● TASK DIRECTIONS:
Retype only the lines below from the one with "Kit De Globos" to the one with "Hamilton Khaki Field", inclusive, skipping every image.

● RECORDS SUPPLIED:
◆ ◆ ◆
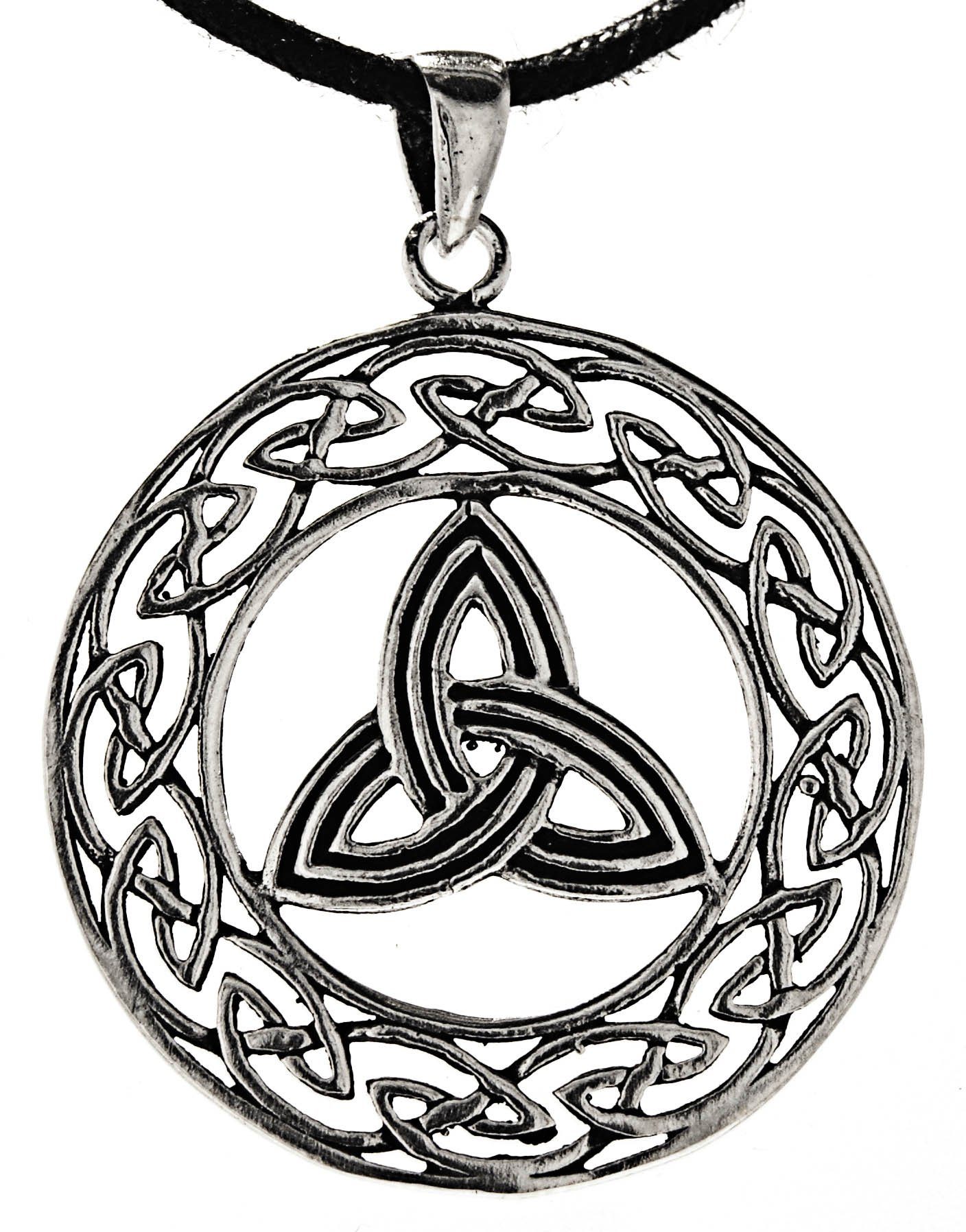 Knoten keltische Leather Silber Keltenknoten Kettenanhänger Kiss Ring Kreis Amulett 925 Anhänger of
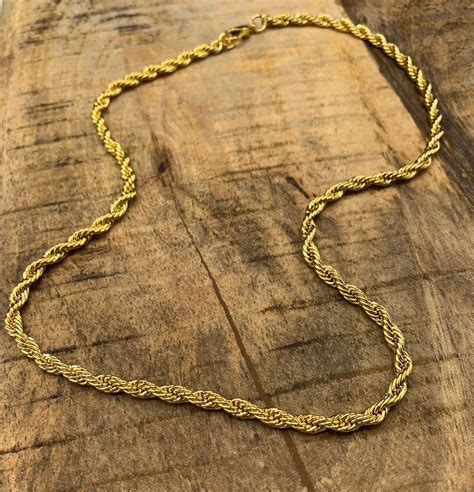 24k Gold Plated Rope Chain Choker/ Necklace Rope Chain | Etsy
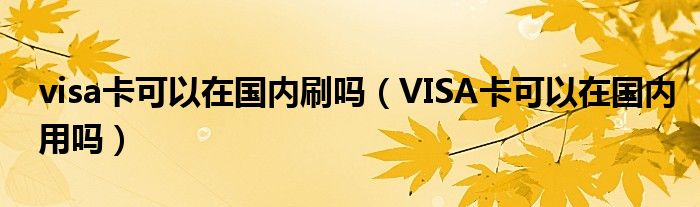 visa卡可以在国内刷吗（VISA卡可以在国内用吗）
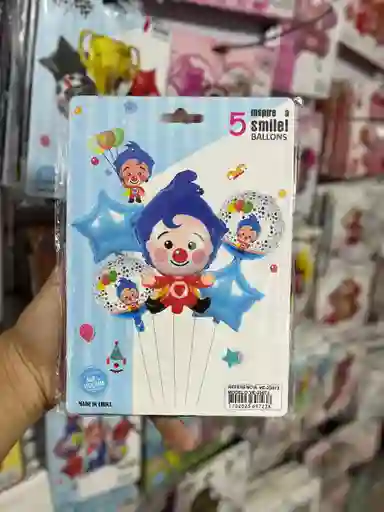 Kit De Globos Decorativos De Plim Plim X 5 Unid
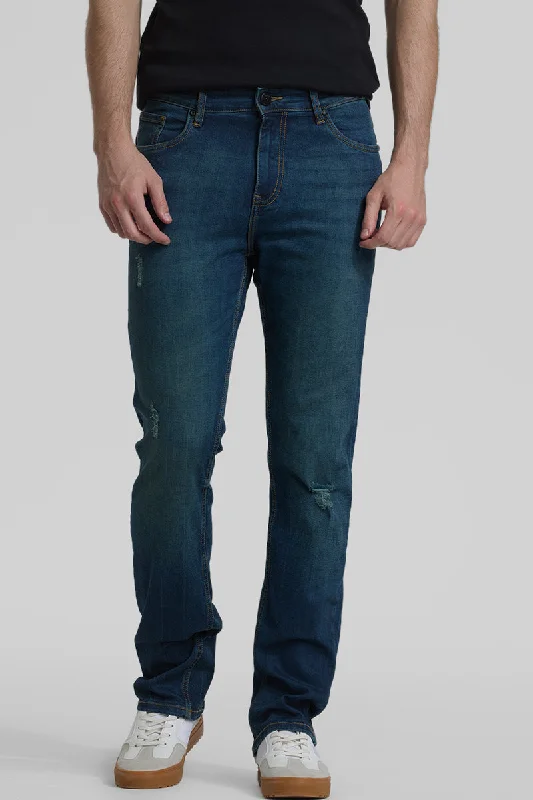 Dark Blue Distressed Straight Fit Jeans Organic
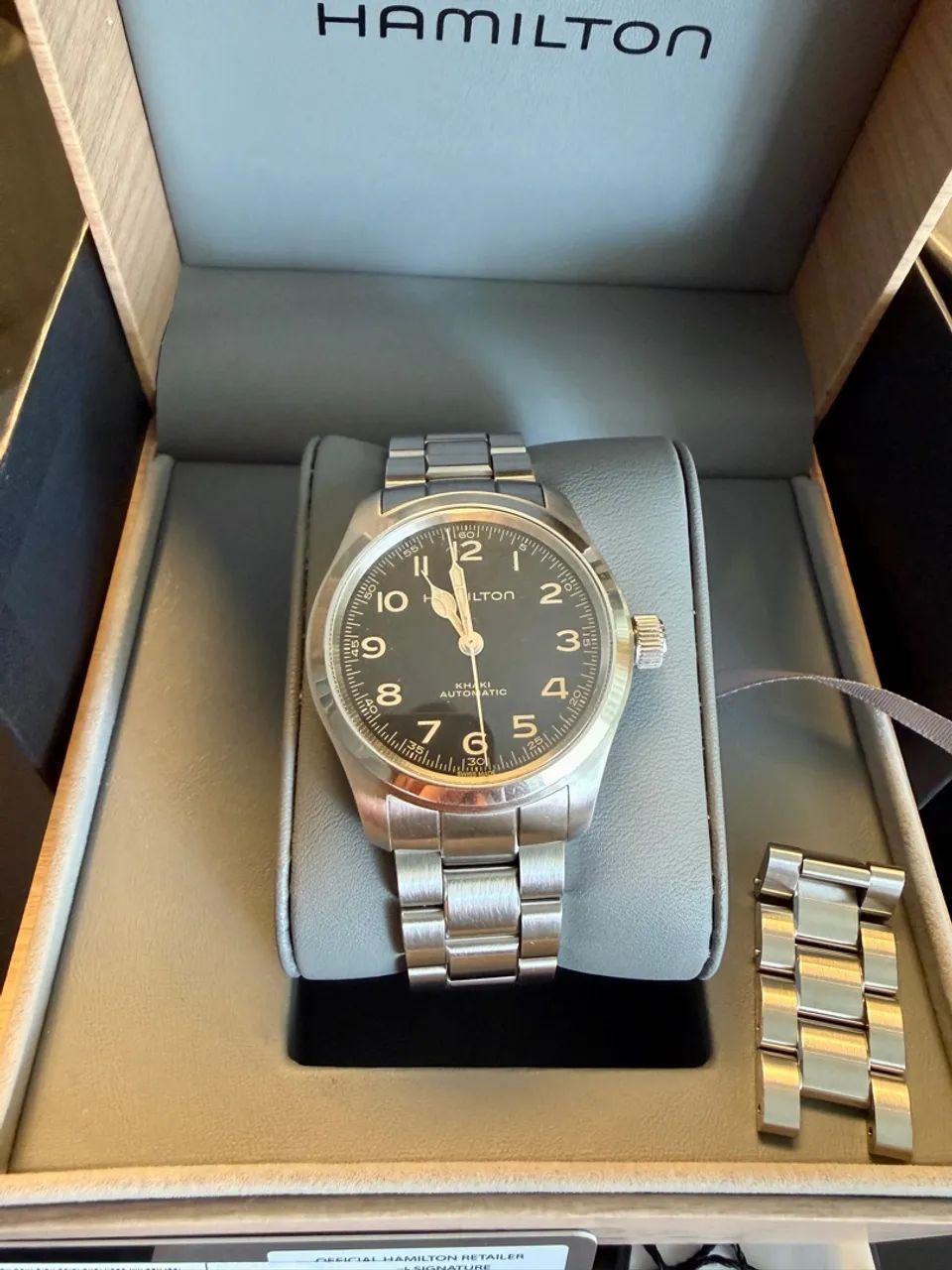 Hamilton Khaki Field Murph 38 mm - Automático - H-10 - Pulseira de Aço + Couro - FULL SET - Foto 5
◆ ◆ ◆
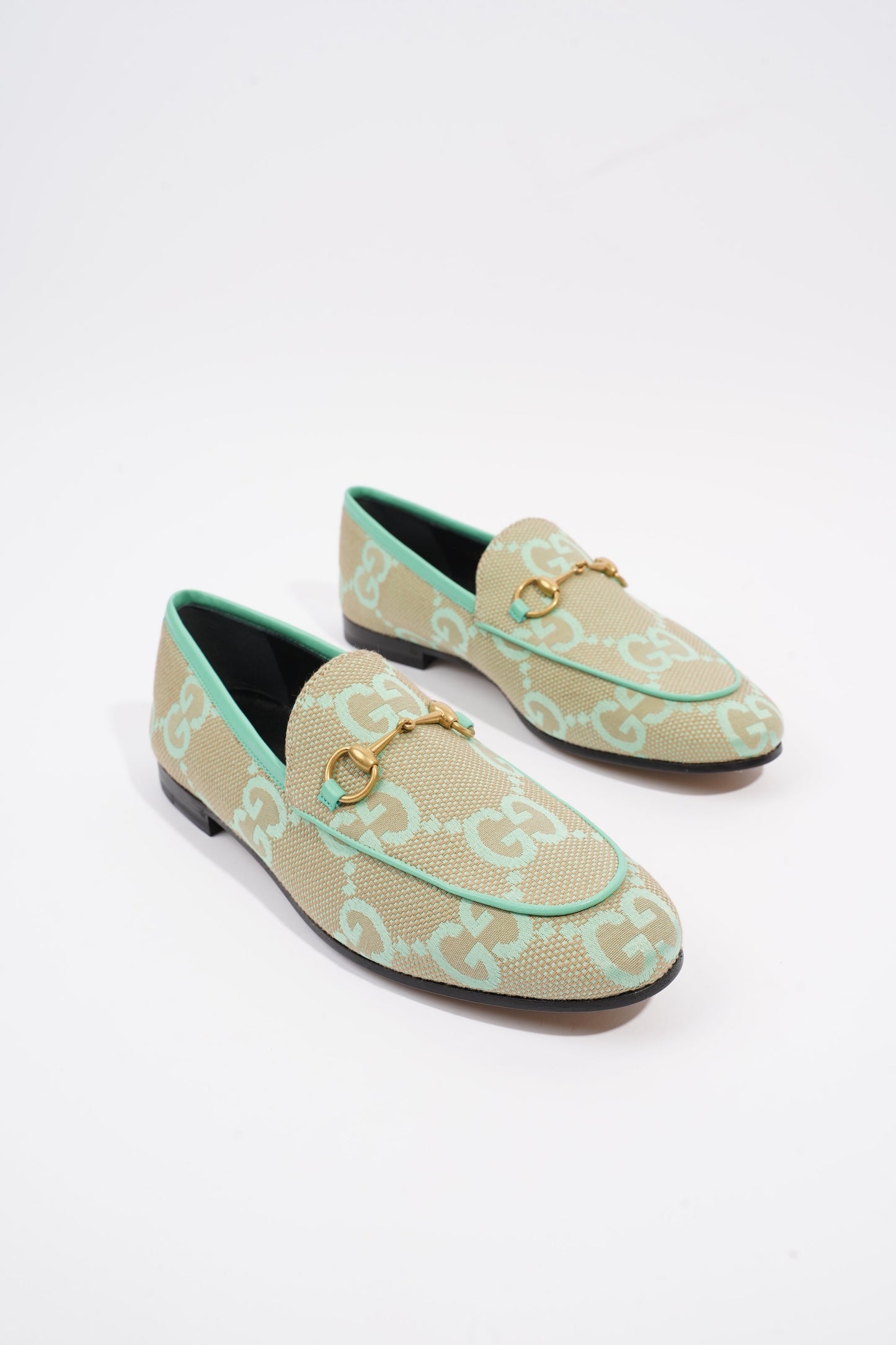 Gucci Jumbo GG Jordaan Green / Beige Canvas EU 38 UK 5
◆ ◆ ◆
● YOUR SOLUTION:
 Kit De Globos Decorativos De Plim Plim X 5 Unid
 Dark Blue Distressed Straight Fit Jeans Organic
 Hamilton Khaki Field Murph 38 mm - Automático - H-10 - Pulseira de Aço + Couro - FULL SET - Foto 5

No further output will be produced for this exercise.